News Release: Commerce grants $485,000 for environmental reviews of eastern Washington manufacturing projects

Pend Oreille County, Spokane County, Spokane Valley and Walla Walla awarded funds for environmental analysis to support economic development at proposed manufacturing sites.

Olympia, Wash. – The Washington State Department of Commerce today announced $485,000 in advanced planning grants to aid four proposed manufacturing projects in eastern Washington. The grants will help Pend Oreille County, Spokane County, the city of Spokane Valley and Walla Walla County move forward with environmental analysis and permitting activities associated with development in four key economic sectors: clean technology, aerospace, forest products or agriculture and food manufacturing, and heavy manufacturing.

  • Pend Oreille County $250,000 grant matched by $100,000 in county funds for activities including public outreach, environmental permit coordination, wetlands and transportation studies, cultural resource and timber lands assessments, engineering, planning, environmental baseline studies and project management. The proposed development is a $300-million facility for producing silicon from sand on the Ponderay Newsprint Company mill site. At completion -full operation – about 170 permanent full-time jobs are forecast.
  • City of Spokane Valley$114,200 grant matched by a $55,000 city investment for activities to streamline environmental permitting in the city’s northeast industrial area. A 40-acre site within an 840-acre area is proposed for a heavy manufacturing facility that includes approximately 110,000 square feet of production space, 115,000 square feet of storage, a new rail spur, parking to accommodate business operations and about 150 employees.
  • Walla Walla County $100,000 grant matched by $20,000 county investment to prepare a wastewater feasibility study for the Wallula Gap Business Park at the port of Walla Walla. Adjacent to Highway 12 and a dual access rail spur, the site already has completed archeological, geotechnical and biological reports. The study will address costs of engineering, needed right-of-way acquisition, infrastructure layout, wastewater disposal alternatives, and prioritization of improvements and planning.
  • Spokane County$20,800 grant matched by $48,200 in local funds to complete Federal Aviation Administration (FAA) approval process to release 40 acres of non-aeronautical airport land near Spokane international Airport for a $90.5 million capital investment project. The land will be sold to an aerospace manufacturing and distribution company, with an estimated impact to the community of 300 jobs.
  • “Washington state is blessed with a diverse economy and resources to attract and sustain businesses and good jobs. However, opportunities for growth look very different from the coast to urban Puget Sound to the Palouse and beyond,” said Commerce Director Brian Bonlender. “These strategic investments strengthen communities in eastern Washington. Strong public-private collaboration is streamlining regulatory processes and providing businesses and local governments with the tools they need to make decisions and move forward.”

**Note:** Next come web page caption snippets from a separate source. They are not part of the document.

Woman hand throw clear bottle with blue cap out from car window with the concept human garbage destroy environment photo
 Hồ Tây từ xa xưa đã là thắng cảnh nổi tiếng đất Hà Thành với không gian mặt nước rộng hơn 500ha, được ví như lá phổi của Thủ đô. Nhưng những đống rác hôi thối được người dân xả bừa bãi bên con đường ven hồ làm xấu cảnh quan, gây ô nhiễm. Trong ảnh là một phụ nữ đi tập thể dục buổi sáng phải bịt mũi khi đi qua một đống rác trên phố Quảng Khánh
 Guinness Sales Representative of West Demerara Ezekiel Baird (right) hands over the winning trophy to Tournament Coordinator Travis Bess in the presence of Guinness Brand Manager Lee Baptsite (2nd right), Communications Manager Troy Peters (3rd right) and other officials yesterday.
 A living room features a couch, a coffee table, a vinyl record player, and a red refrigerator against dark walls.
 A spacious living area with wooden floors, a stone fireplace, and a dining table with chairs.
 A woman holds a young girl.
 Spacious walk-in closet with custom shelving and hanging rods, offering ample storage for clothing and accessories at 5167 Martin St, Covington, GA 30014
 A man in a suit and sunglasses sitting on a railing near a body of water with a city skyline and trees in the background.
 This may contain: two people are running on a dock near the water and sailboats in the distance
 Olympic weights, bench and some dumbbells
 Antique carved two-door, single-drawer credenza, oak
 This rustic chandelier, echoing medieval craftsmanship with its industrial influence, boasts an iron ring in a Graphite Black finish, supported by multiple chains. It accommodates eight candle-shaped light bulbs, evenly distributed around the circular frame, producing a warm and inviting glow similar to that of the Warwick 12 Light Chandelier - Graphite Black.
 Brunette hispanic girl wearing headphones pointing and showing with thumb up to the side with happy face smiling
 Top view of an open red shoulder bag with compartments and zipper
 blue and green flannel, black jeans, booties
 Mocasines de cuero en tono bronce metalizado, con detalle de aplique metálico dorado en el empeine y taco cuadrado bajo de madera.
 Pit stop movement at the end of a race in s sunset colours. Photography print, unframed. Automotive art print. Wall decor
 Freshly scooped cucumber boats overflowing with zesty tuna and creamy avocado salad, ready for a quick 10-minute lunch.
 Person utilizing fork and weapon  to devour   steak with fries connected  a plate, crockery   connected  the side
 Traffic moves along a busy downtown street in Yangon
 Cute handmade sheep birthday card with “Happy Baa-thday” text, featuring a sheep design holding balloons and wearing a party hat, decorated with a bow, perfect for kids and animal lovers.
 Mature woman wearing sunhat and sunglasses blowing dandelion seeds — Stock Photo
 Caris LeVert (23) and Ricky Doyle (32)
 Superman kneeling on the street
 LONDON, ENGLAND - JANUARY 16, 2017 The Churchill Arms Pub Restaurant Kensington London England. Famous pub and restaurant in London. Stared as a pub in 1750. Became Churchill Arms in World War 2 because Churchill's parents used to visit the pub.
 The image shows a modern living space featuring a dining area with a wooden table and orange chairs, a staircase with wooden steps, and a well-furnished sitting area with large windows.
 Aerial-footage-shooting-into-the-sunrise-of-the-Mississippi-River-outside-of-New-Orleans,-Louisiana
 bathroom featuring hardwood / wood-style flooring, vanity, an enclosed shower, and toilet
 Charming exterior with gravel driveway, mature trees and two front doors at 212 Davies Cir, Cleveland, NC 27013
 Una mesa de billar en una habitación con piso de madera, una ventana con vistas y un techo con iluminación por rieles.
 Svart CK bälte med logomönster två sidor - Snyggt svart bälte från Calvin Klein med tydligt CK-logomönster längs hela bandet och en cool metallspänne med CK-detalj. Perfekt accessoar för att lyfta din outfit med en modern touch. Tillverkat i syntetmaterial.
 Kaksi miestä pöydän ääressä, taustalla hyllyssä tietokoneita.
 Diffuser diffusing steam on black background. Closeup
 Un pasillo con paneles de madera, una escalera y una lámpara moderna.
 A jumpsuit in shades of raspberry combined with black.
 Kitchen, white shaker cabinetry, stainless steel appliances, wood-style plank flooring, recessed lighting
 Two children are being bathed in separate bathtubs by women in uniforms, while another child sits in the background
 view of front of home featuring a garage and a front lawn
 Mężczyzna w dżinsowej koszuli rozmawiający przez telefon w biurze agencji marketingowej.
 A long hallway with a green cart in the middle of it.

    “These funds are critical to support our commitment to timely and meaningful public involvement in this opportunity to secure important new investment and jobs for our community,” said Commissioner Mike Manus, chair of the Pend Oreille County Board of Commissioners. “In particular, we look forward to reaching out to the Kalispel Tribe to develop an action plan that will ensure all of our questions about potential impacts on the environment are answered.”

    A competitive selection process yielded the four grant recipients from a pool of nine applications asking for a total of almost $1 million. The 2016 Legislature gave Commerce’s Growth Management Services program authority to award up to $500,000 to assist cities and counties east of the Cascade Mountains to advance environmental analysis and permitting activities in and around current and large future manufacturing sites and other key economic growth centers.

    Criteria used in evaluating applications included size, readiness to proceed, local funds leverage, jobs retained or created, projects of statewide significance, use of vacant or underutilized industrial sites, support from local economic development organizations and consistency with regional economic development strategies.

    Proposals that did not win funding are in the cities of Spokane, Othello, Grandview and Union Gap.